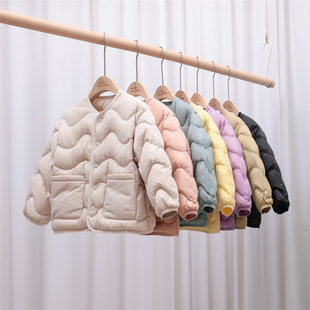 男童女童羽绒服2024年新款儿童羽绒内胆秋冬季校服内搭保暖厚外套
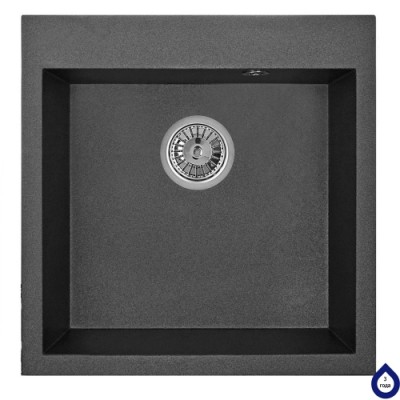 Кухонная мойка Minola MSG 1050-51 Черный, код: 5294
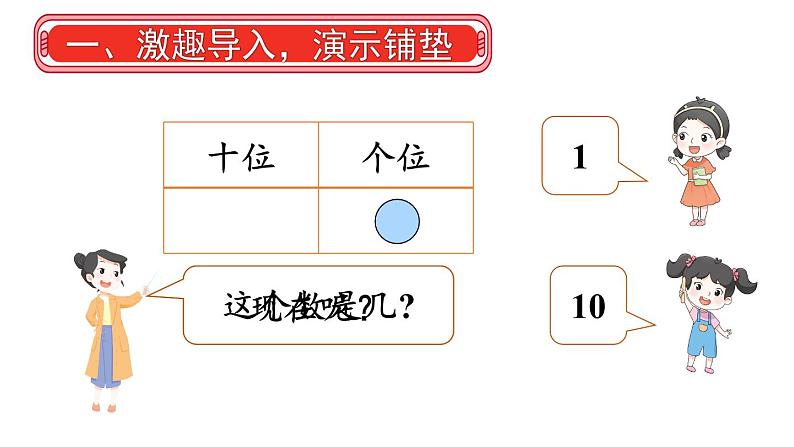 小学数学新人教版一年级下册第三单元摆一摆，想一想教学课件2025春第2页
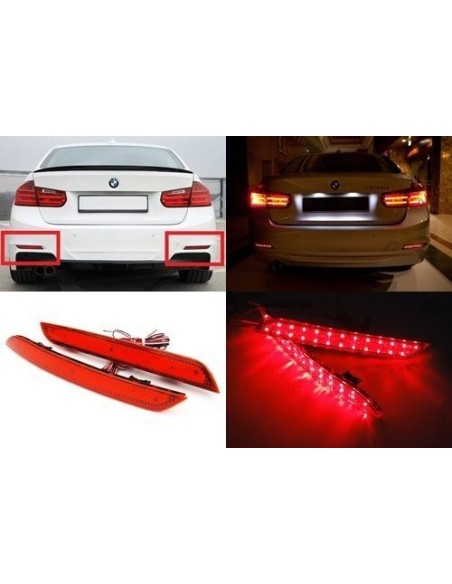 Kit 2 Fanali Posteriori A Led Rosso Per BMW Serie 3 4 F30 F31 F32 F33 F34 F35 F36 316d 316i 318d 320d 320i 320Li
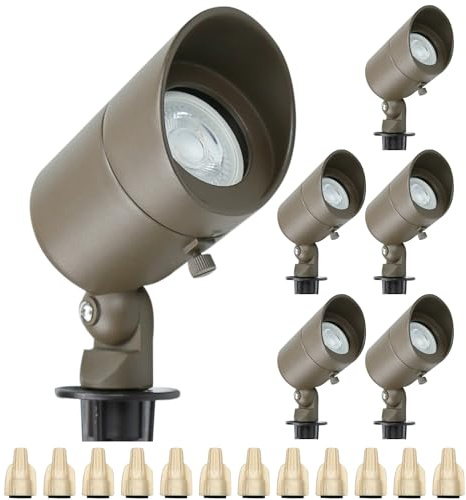 Lumina Lighting - Foco halógeno MR16 con iluminación de bajo voltaje para paisajes y focos de luz de inundación
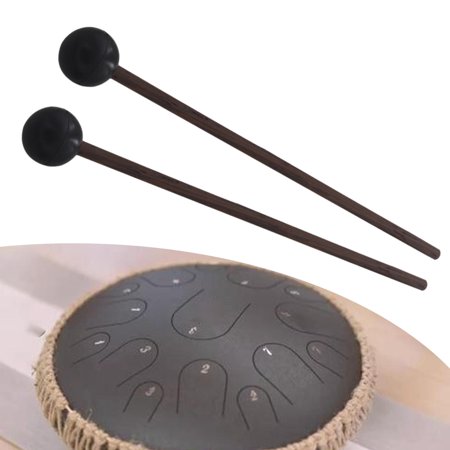 2Pcs Wooden Drum Mallets Accessories Replace Part Percussion Instrument Parts Glockenspiel Sticks Xylophone Mallet for Beginners Kids Gifts Black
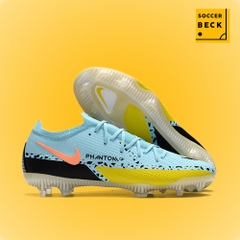 Giày Bóng Đá TQ Nike Phantom GT2 Elite Lucent Xanh Biển Vàng Đen Cổ Lửng FG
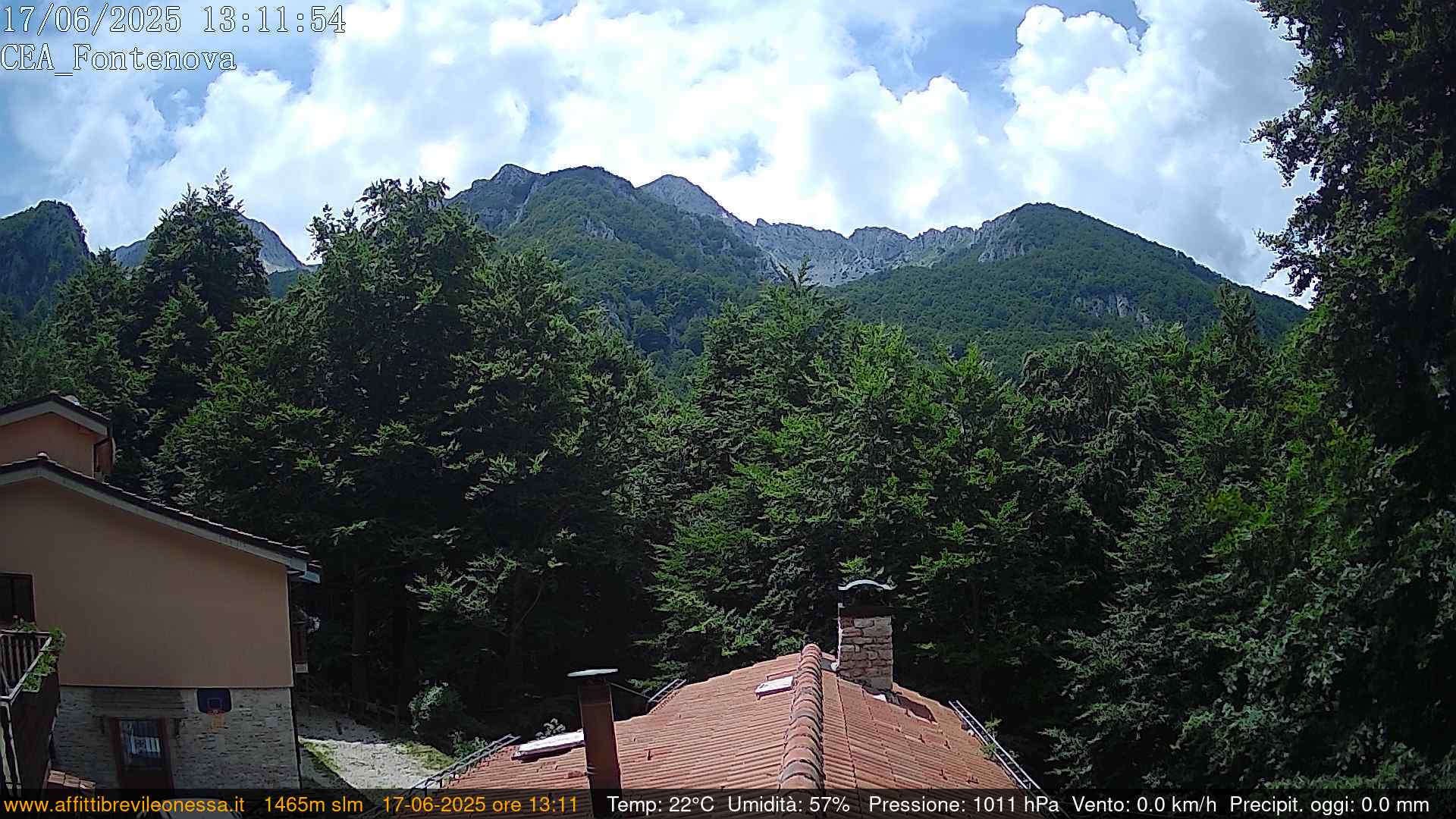 immagine della webcam nei dintorni di Poggio Bustone: webcam Leonessa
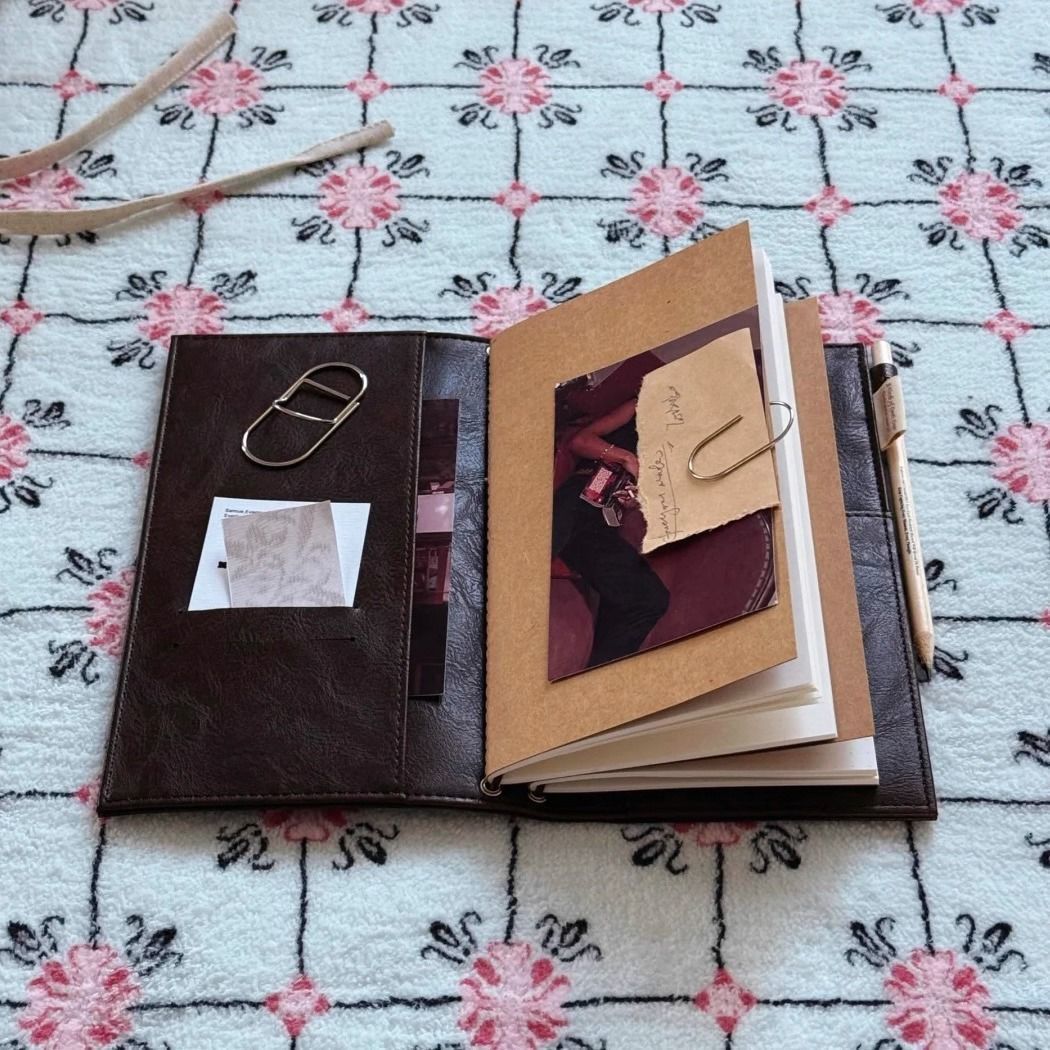 Vintage Black Notebook PU Leat - огляд і ціна Leather Work Notebook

- **Problem to work on**: Please set down the records above word for word and omit their pictures.

- **Result of the task**:
 男童女童羽绒服2024年新款儿童羽绒内胆秋冬季校服内搭保暖厚外套
 Кухонная мойка Minola MSG 1050-51 Черный, код: 5294
 小学数学新人教版一年级下册第三单元摆一摆，想一想教学课件2025春第2页
 Kit 2 Fanali Posteriori A Led Rosso Per BMW Serie 3 4 F30 F31 F32 F33 F34 F35 F36 316d 316i 318d 320d 320i 320Li
 Lumina Lighting - Foco halógeno MR16 con iluminación de bajo voltaje para paisajes y focos de luz de inundación
 2Pcs Wooden Drum Mallets Accessories Replace Part Percussion Instrument Parts Glockenspiel Sticks Xylophone Mallet for Beginners Kids Gifts Black
 Giày Bóng Đá TQ Nike Phantom GT2 Elite Lucent Xanh Biển Vàng Đen Cổ Lửng FG
 immagine della webcam nei dintorni di Poggio Bustone: webcam Leonessa
 Vintage Black Notebook PU Leat - огляд і ціна Leather Work Notebook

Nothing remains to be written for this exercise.